Osmanlı Devletinin Anayasasının İsmi
Osmanlı Devletinin Anayasası Adı
İlk Osmanlı Anayasası
Osmanlı Devletinin Anayasasının Adı Nedir kanun-i esasi'dır
İlk Osmanlı Anayasası
Türk tarihinin ilk yazılı anayasası, 23 Aralık 1876 tarihinde yürürlüğe girdi. "Kanun-i Esasi" (Temel Kanun) adını taşıyan bu anayasa halk iradesine dayalı bir hareketin sonucu olarak değil, "Genç Osmanlılar" adı verilen aydınların padişah üzerinde yaptıkları oldukça güçlü bir etki yoluyla gerçekleşmişti.
1876 Anayasasına göre, egemenlik kayıtsız şartsız Osmanlı Ailesine aitti. Padişahın kişiliği "kutsal"dı. Yasama ve yürütme yetkileri kesinlikle padişahındı. Yargı gücü bağımsız sayılabilirdi; fakat, "af" hakkı kesinlikle padişaha aitti. Toplantı, siyasî parti ve dernek kurma özgürlükleri dışında, bütün temel haklar vatandaşlara tanınmıştı. Ancak, bu hakların kanun yolu ile sınırlanması mümkün olduğundan ve bu konuda bir ölçü bulunmadığından, temel hak ve özgürlüklerin hukukî güvencesi yoktu. Vatandaşların can, mal, ırz, konut dokunulmazlıkları da, "kanun dâhilinde" güvence altına alınmıştı. Ama, padişah bir polis soruşturması sonucunda devlete zararı dokunduğu gerekçesiyle kişileri yurtdışına sürebilirdi. Böylece yargı güvencesi de son derece zedelenmişti.
1876 Anayasası bütün eksikliklerine rağmen, demokrasi geleneği olmayan Osmanlı Devletinde ilk yazılı hukuk belgesi ve "Meşrutiyet" yönetimini başlatmış olması dolayısıyla. çok önemli bir ilerleme sayılır.

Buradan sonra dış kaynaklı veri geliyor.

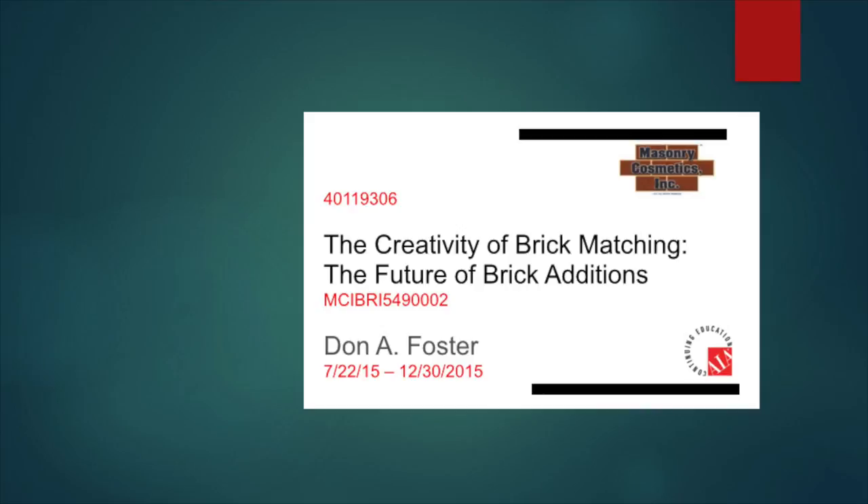Hi, my name is Don Foster. I've been in the brick industry 32 years now, and I would like to break those years down into four areas or phases. But first, let me tell you about this course.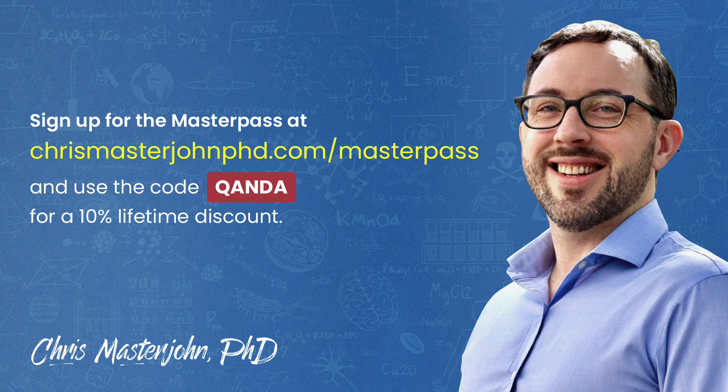This episode was part of a Q&A for members of the CMJ Masterpass, where I hold monthly private Zoom Q&As for my members. The Masterpass also serves as a buyer's club with exclusive and massive discounts on premium foods and health products, including pasture-raised and wild meat and seafood, supplements, sleep accessories, water filters, phototherapy devices, and much more. You can join at chrismasterjohnphd.com/masterpass and use the code QANDA for a 10% lifetime discount.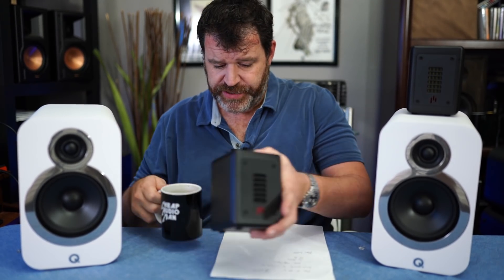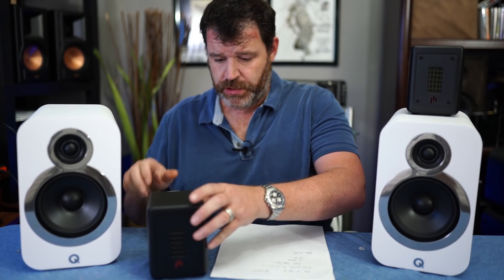All right. Aperion. Aperion super tweeter. Super tweeter.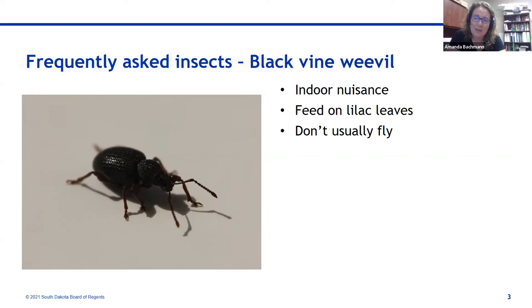I get calls starting this time of year from folks finding black vine weevils on their bathroom walls. You can just knock them down, sweep them up, or use a vacuum — this does not warrant any indoor pesticide application, and especially do not use a bug bomb; that's totally overkill. If you really want to stop insects from coming inside, this is the time to start looking at barrier treatments around windows and doors, as we're moving into the season where things are thinking about coming inside.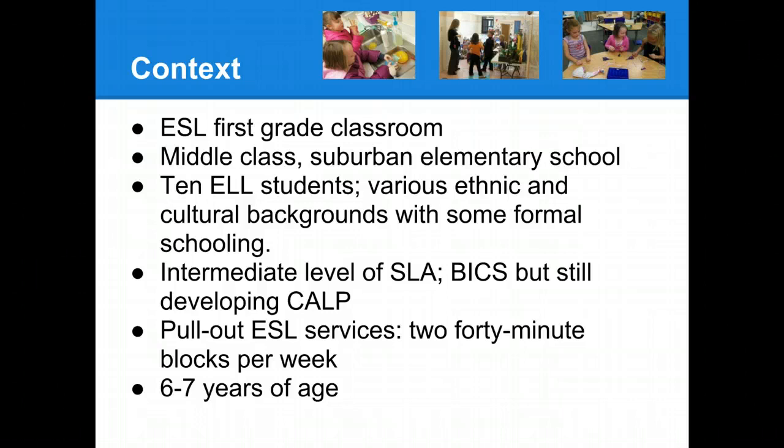We also planned for pull-out services for these students that would consist of two 40-minute blocks per week, and that these children would be six to seven years of age.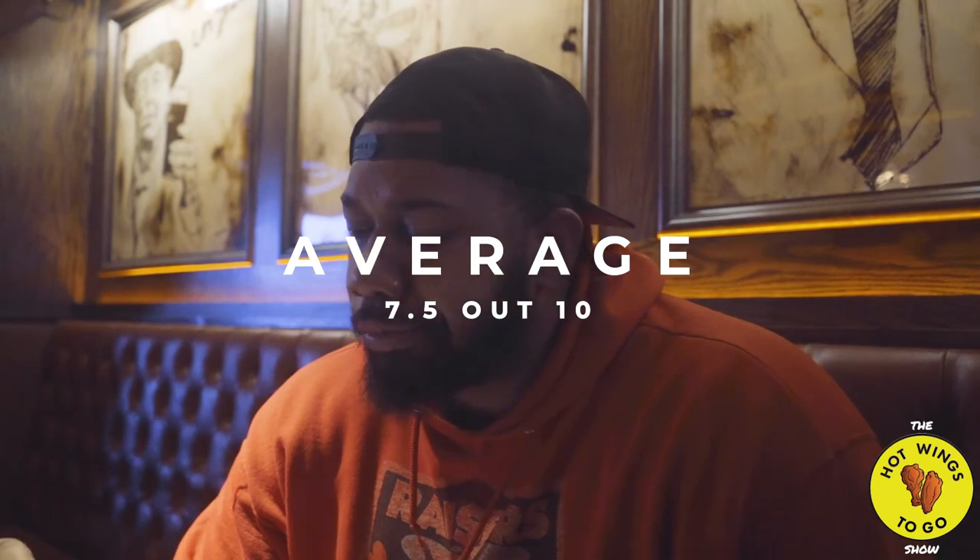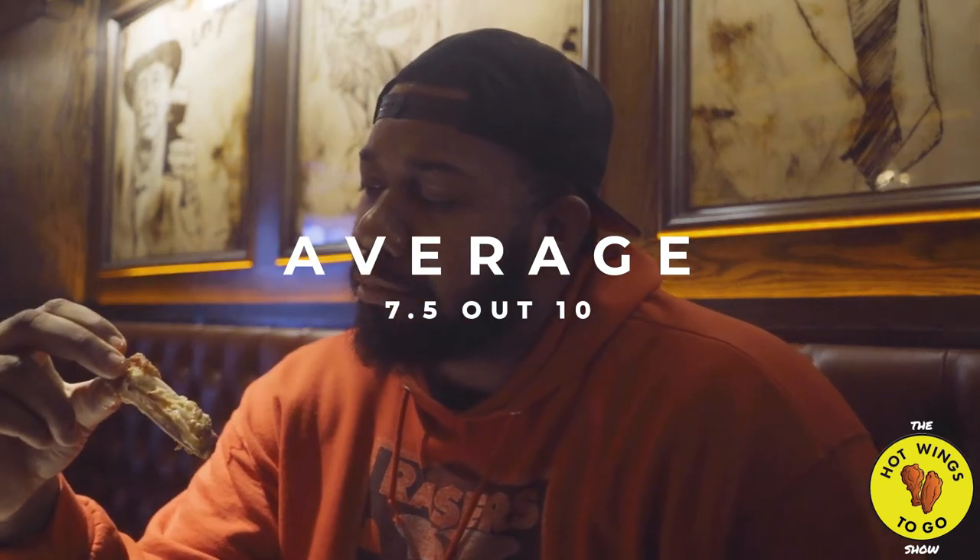I'm going to rate these a 7.5. Yeah, 7.5 — these are good, you know.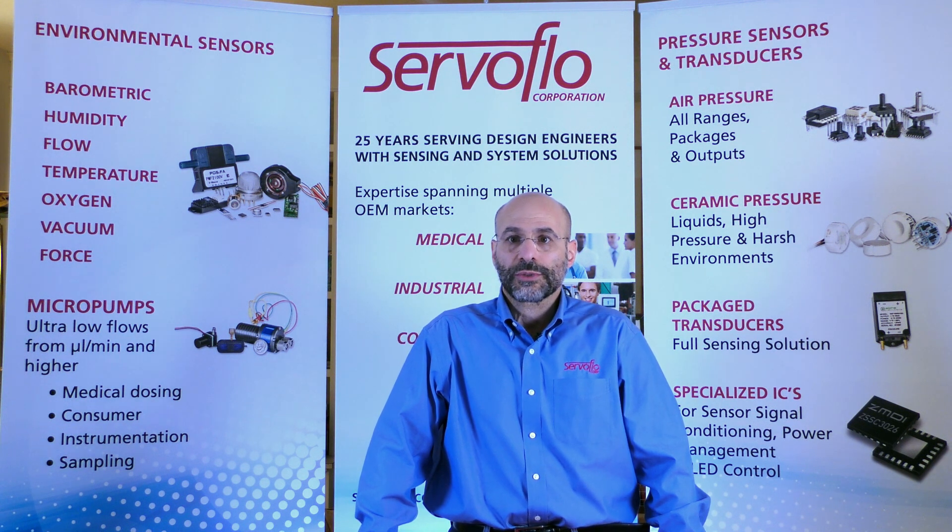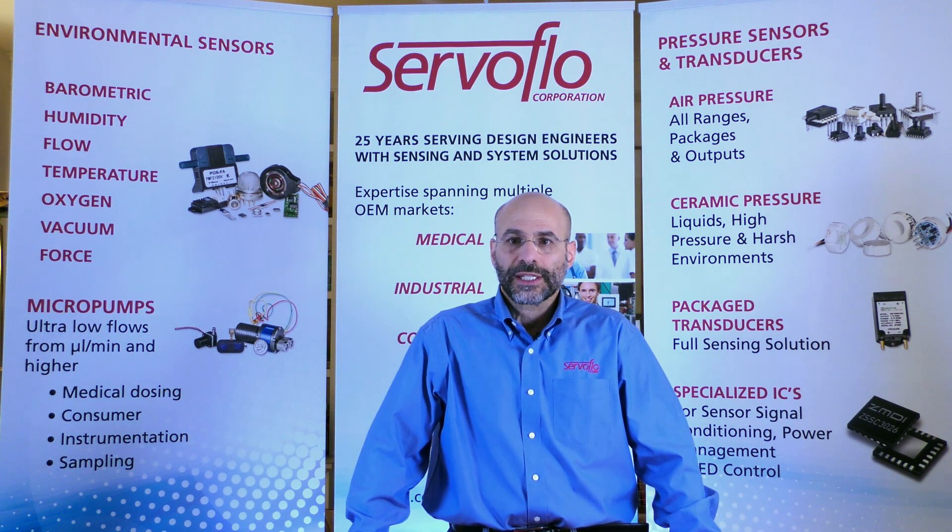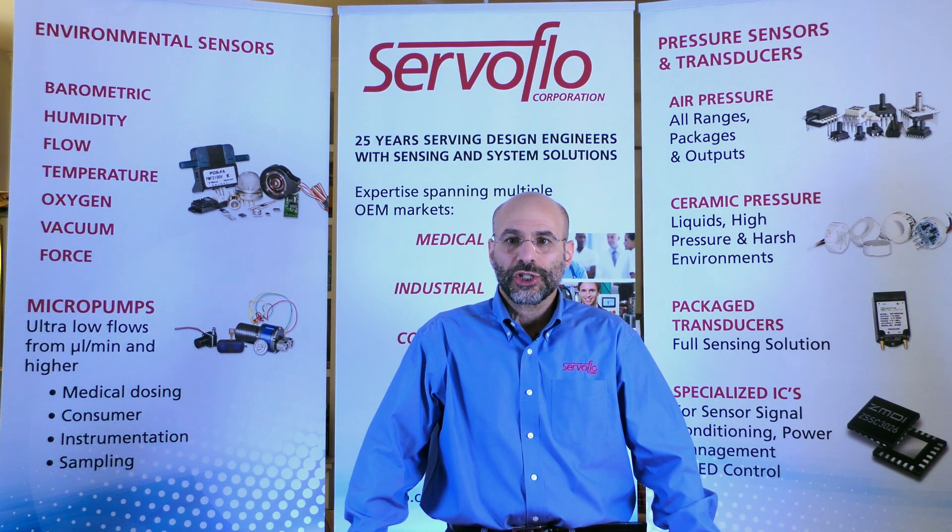The examples described are a small sample of our larger experience in medical applications. In summary, ServoFlow has application experience, engineering support, a broad array of products, and the ability to tailor the sensing process to your application — all at a very competitive cost. We encourage you to call us to tell us the details of your application. Let us help you save time, energy, and money to get the best product on time to market. Thank you very much.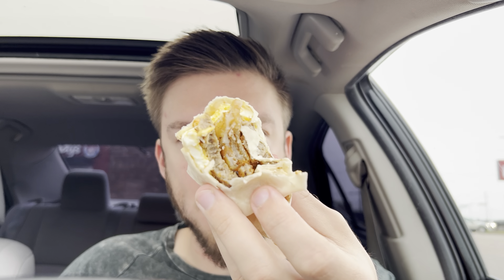A little messy, but that's pretty good though. There's egg on the outside, sausage, potatoes, cheese, sauce — this is better than I thought it was going to be. That last bite — that's a good one.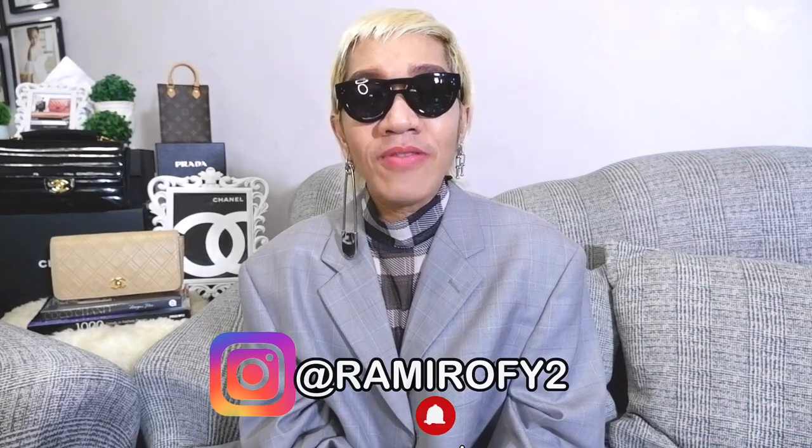Please like and share this video and follow me on my new Instagram account at Ramirapai2 for daily updates and styling tips. So I'm wearing my sunnies — I'm still healing from an eye infection. Hope you don't mind, I'm wearing my sunnies for the entire episode today.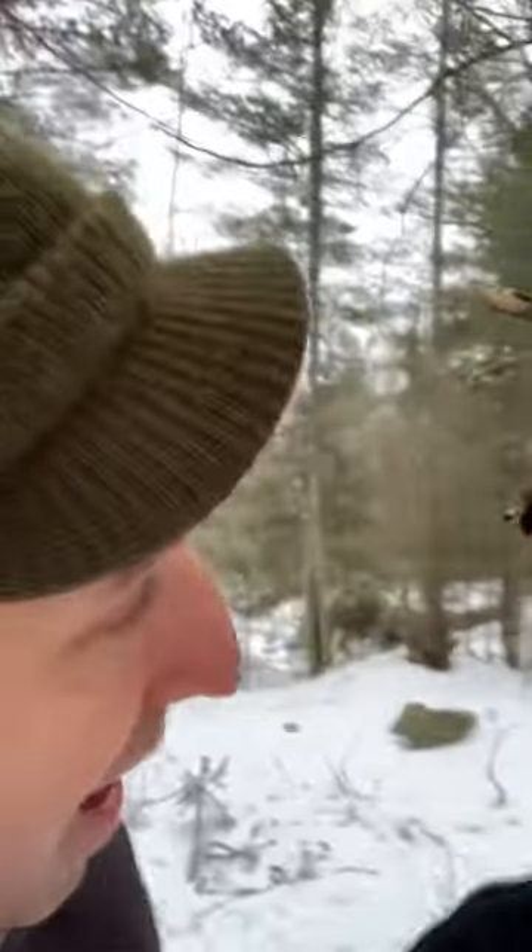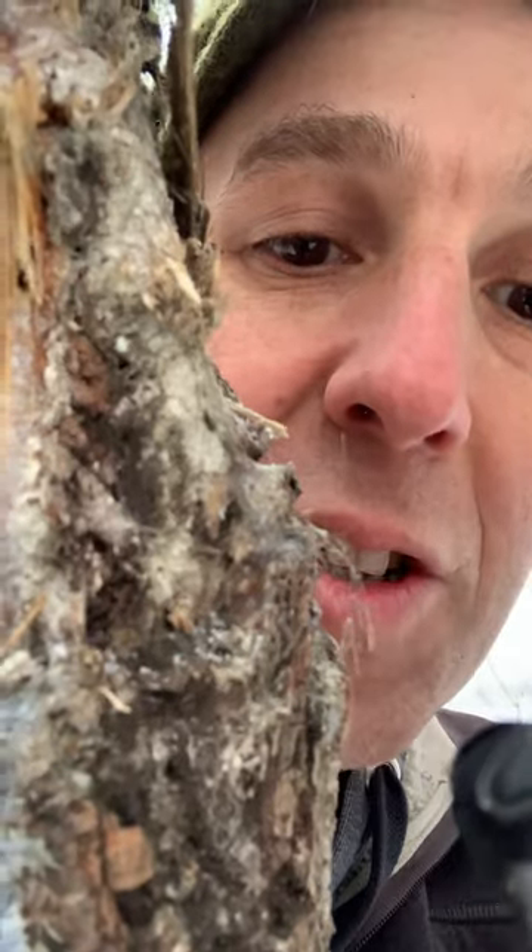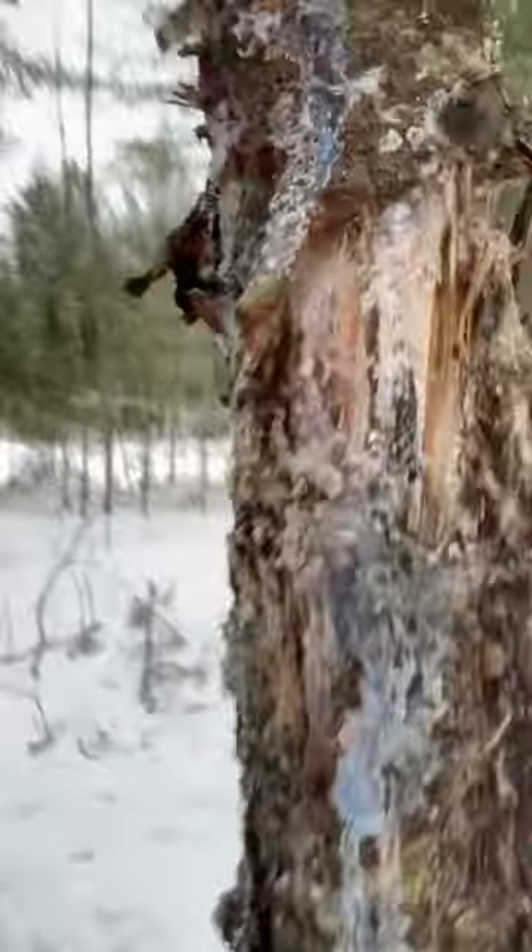Ever seen a black bear whammy tree? We got a cool nature mystery today. So check that out — these are teeth marks right there and over here, and this right here is black bear fur sticking out of the side of the tree. There's actually a whole bunch of fur on here.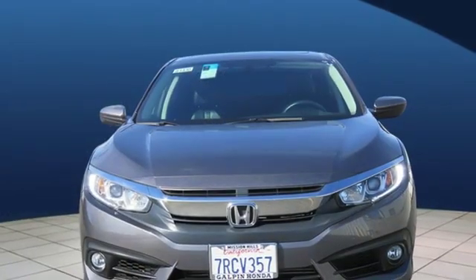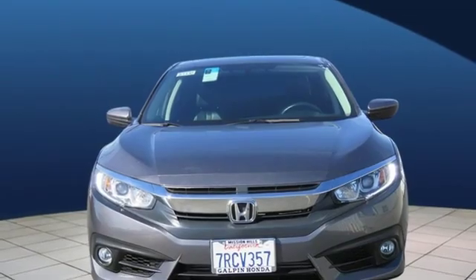It's a Honda, so longevity comes standard. Driving is believing. Test drive it today.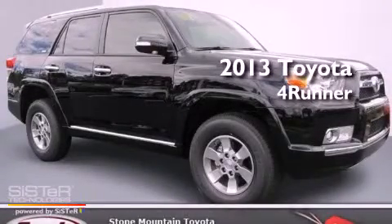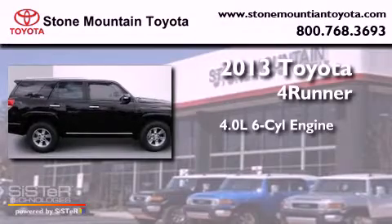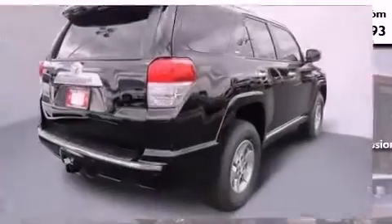This is a brand new 2013. It has a 4.0 liter 6-cylinder engine, a 5-speed automatic transmission, and 4-wheel drive.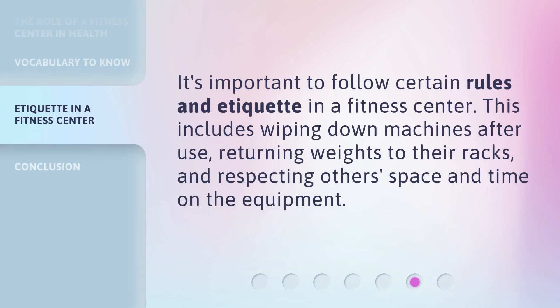It's important to follow certain rules and etiquette in a fitness center. This includes wiping down machines after use, returning weights to their racks, and respecting others' space and time on the equipment.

Osmanlı Devletinin Anayasası Adı
İlk Osmanlı Anayasası
Osmanlı Devletinin Anayasasının Adı Nedir kanun-i esasi'dır
İlk Osmanlı Anayasası
Türk tarihinin ilk yazılı anayasası, 23 Aralık 1876 tarihinde yürürlüğe girdi. "Kanun-i Esasi" (Temel Kanun) adını taşıyan bu anayasa halk iradesine dayalı bir hareketin sonucu olarak değil, "Genç Osmanlılar" adı verilen aydınların padişah üzerinde yaptıkları oldukça güçlü bir etki yoluyla gerçekleşmişti.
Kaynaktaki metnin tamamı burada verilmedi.